Fish were congregating at the mouths of tributaries, Jernejcic said,
and avoiding the main stem. He added that Dunkard Creek has one of the
most diverse mussel populations in the state, and mussels were dead,
too.
Bradley Swiger of the DEP's Office of Environmental Enforcement
described the water's appearance.
"There was a rust-colored look to the stream," Swiger said.
He described it as more like tea than like the yellowboy that can
appear on the bed of an acid mine drainage-affected stream or like any
oily substance floating on top.
"It did not start at a point source. It wasn't something that you could
just track up to a pipe."
The source wasn't clear.
"I've looked at probably a couple hundred (fish kills)," Jernejcic
said. "Generally, where there's dead fish, the thing starts shortly
above where you first see dead fish -- it's fairly obvious where you
start looking. In this case it's a little different."

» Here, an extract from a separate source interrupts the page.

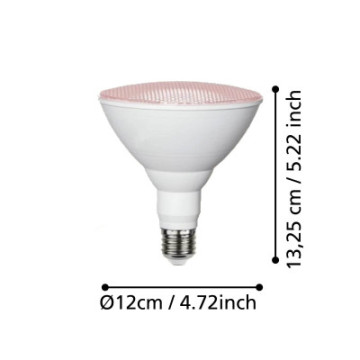 Zarowka led e27 16w 3500k czerwone swiatlo 1200lm par38 do roslin 110232_4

The agencies analyzed the water on the spot for pH, conductivity and
dissolved oxygen, Swiger said, and did not find anything far out of the
ordinary.
They also sent samples to labs to test for a broad range of substances
that require more complex measurements. Metals, nutrients, total
dissolved solids, total suspended solids, organics, volatiles and
semi-volatiles were some of the substances mentioned.
The obvious suspect in the heavily mined Dunkard Creek basin is acid
mine drainage. But areas below the major mines, miles upstream, did not
have dead fish.
"We had inspectors go out and check all of the mine discharges upstream
of Pentress," said Mike Carico of the DEP's Division of Mining and
Reclamation, describing one mine as a mile and a half and another as 10
miles upstream.
"They were all found to be in compliance with their NPDES permit
limitations," Carico said.
A second and related suspect is mine pools, voids left behind by past
mining that fill over time and sometimes overflow, discharging acid
mine drainage into local waterways.
Everyone involved with the mine pools agreed the levels in the area are
low at this time -- several hundred feet below the stream elevation.
A third possibility that has occurred to local residents is brine from
gas well drilling operations.
Martin Niverth of the Department of Economic Development in Greene
County, Pa., where Dunkard Creek enters from West Virginia, said he
gets calls all the time about tankers dumping brine in streams.
Swiger said his office investigates similar calls from time to time and
the trucks always turn out to be withdrawing, not dumping.
Jernejcic agreed.
"We acknowledge that that may happen," Swiger said, "but we've never
seen it."
The water sampling results should shed light on that.
Jernejcic said no explanation has been ruled out.
"We're trying to leave no stone unturned," he said. "Even stuff that we
say, 'No, that's ridiculous,' or 'We've never seen that before,' we're
checking it out."
Meanwhile, though, the fish are dying again.
Two attendees at the Sept. 11 water quality forum visited the creek
that afternoon and found more dead fish, according to Barry Pallay of
the Upper Monongahela River Association and the Vision 2020 Monongahela
River Recreation and Commerce Committee. The two organizations host the
monthly water quality forum.
"DEP and DNR are out in force today," Pallay said on Sept. 14, "and on
Tuesday, they will probably be taking samples of fish for analysis. The
information I have is that the problem is widening."